How to complete this task — Only one span is wanted from the lines below: from the one with "British Airways A380 G-XLEA" up to and including the one with "TOUR of ramrama". Copy it exactly, without images.

Dataset records —
#####

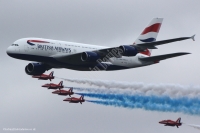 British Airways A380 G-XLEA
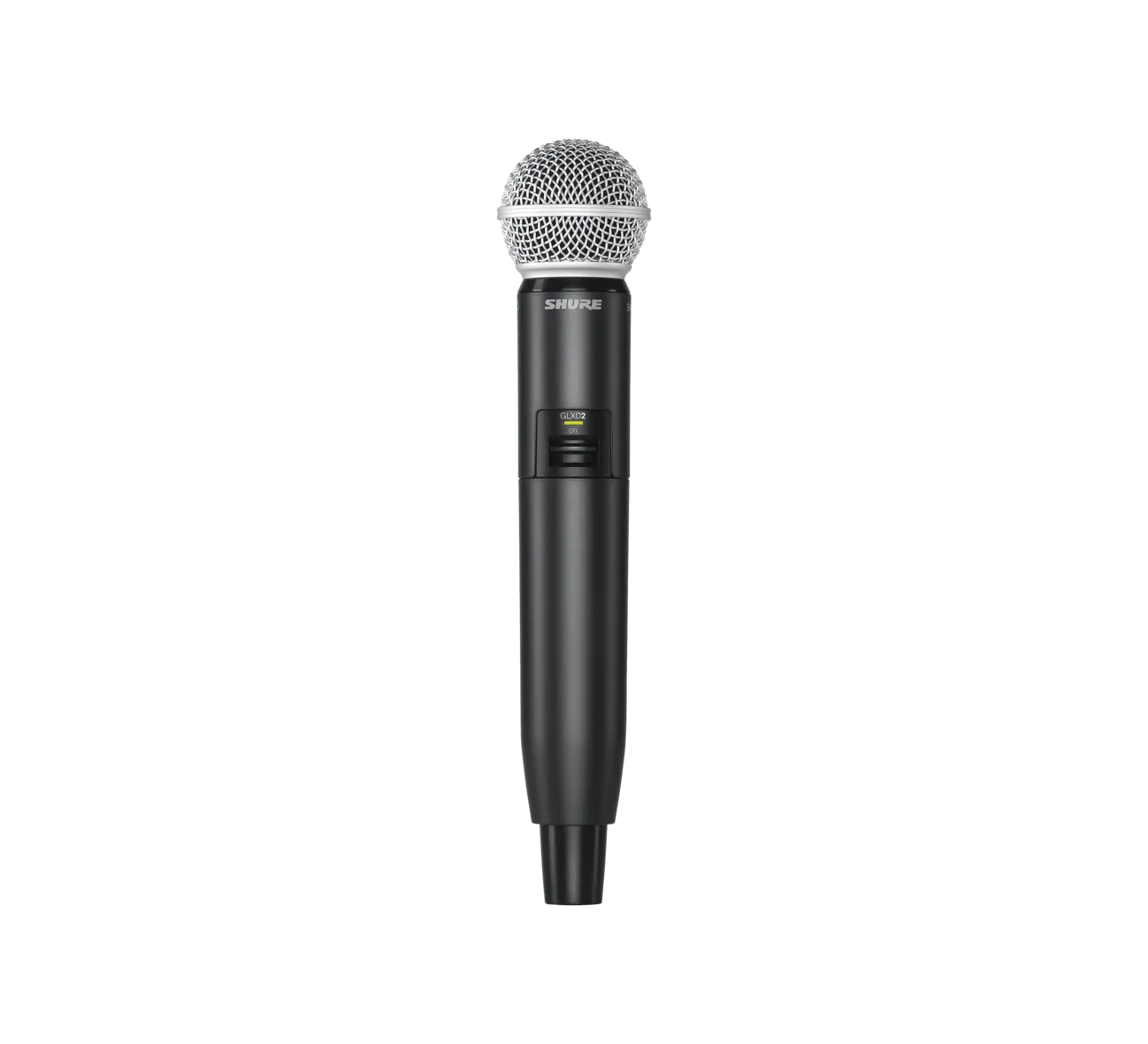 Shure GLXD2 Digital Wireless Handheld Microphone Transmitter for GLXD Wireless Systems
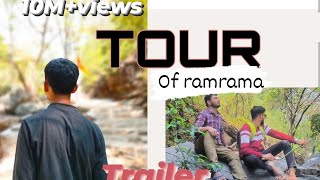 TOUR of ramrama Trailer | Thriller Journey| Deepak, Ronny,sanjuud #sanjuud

#####

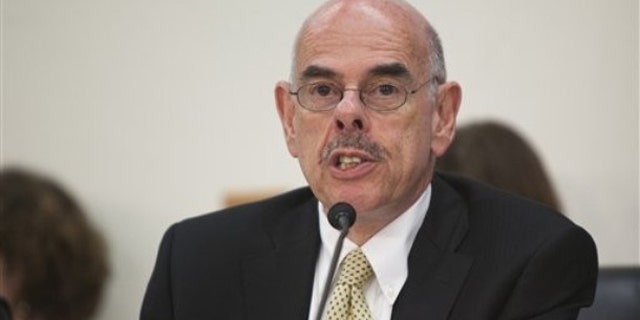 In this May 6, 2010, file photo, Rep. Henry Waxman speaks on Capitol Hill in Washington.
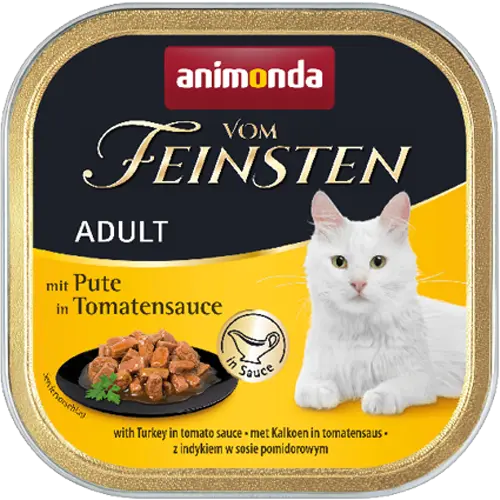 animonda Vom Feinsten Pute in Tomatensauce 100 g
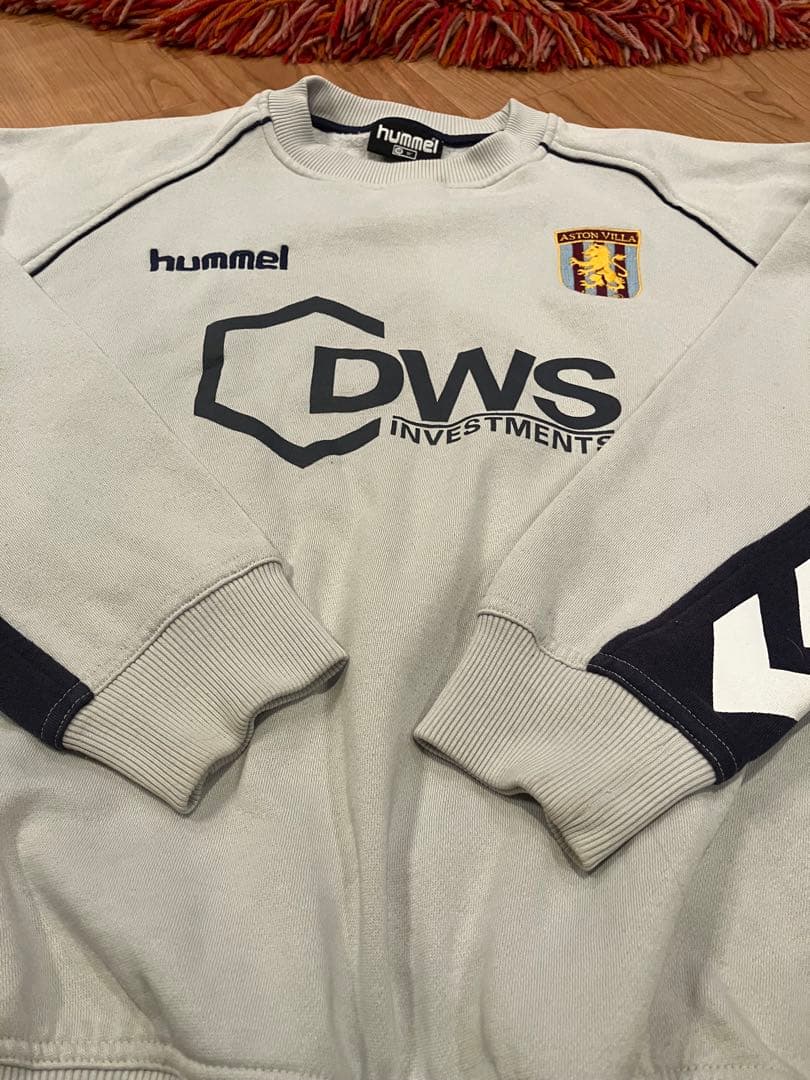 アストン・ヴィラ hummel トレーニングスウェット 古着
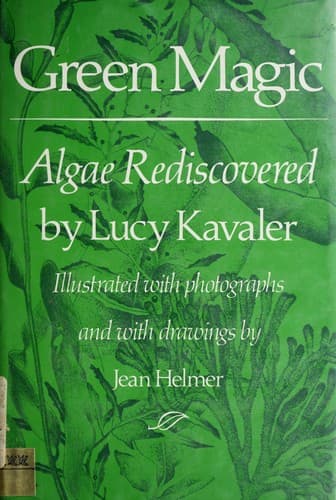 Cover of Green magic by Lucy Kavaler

#####

Your response —
 British Airways A380 G-XLEA
 Shure GLXD2 Digital Wireless Handheld Microphone Transmitter for GLXD Wireless Systems
 TOUR of ramrama Trailer | Thriller Journey| Deepak, Ronny,sanjuud #sanjuud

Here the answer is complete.